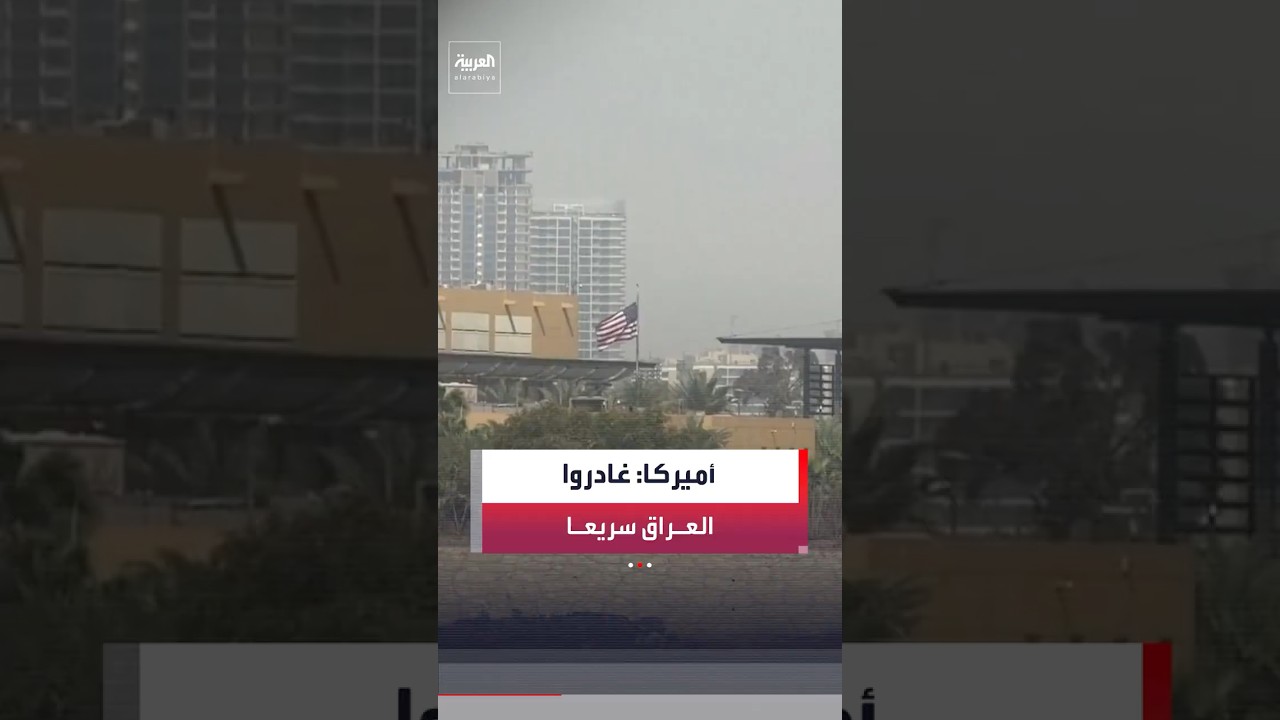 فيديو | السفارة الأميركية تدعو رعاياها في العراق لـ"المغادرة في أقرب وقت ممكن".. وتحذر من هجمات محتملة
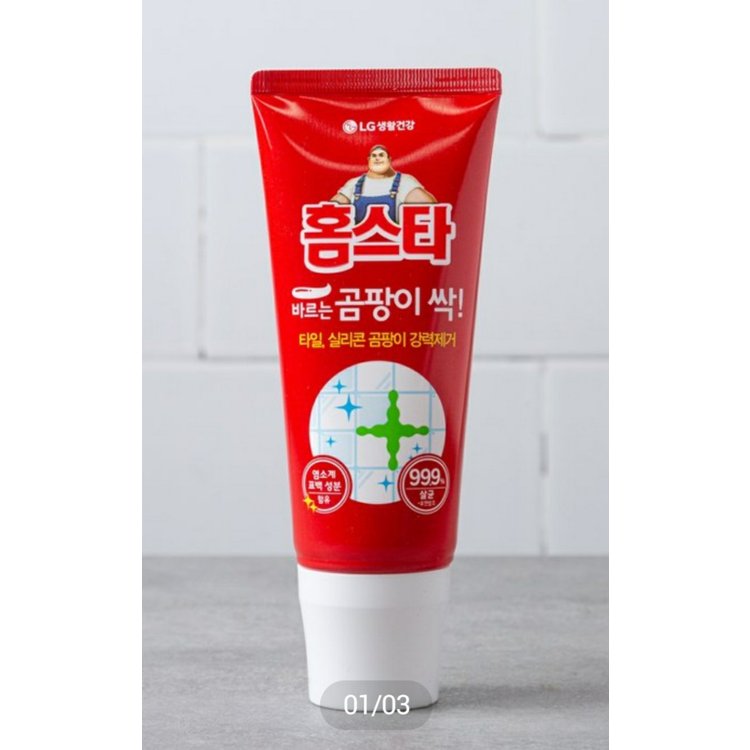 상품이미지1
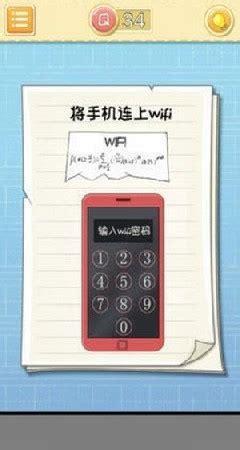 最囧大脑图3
—————
-- Task details --
Give every line above again exactly, omitting whatever pictures appear.

-- Task response --
 فيديو | السفارة الأميركية تدعو رعاياها في العراق لـ"المغادرة في أقرب وقت ممكن".. وتحذر من هجمات محتملة
 상품이미지1
 最囧大脑图3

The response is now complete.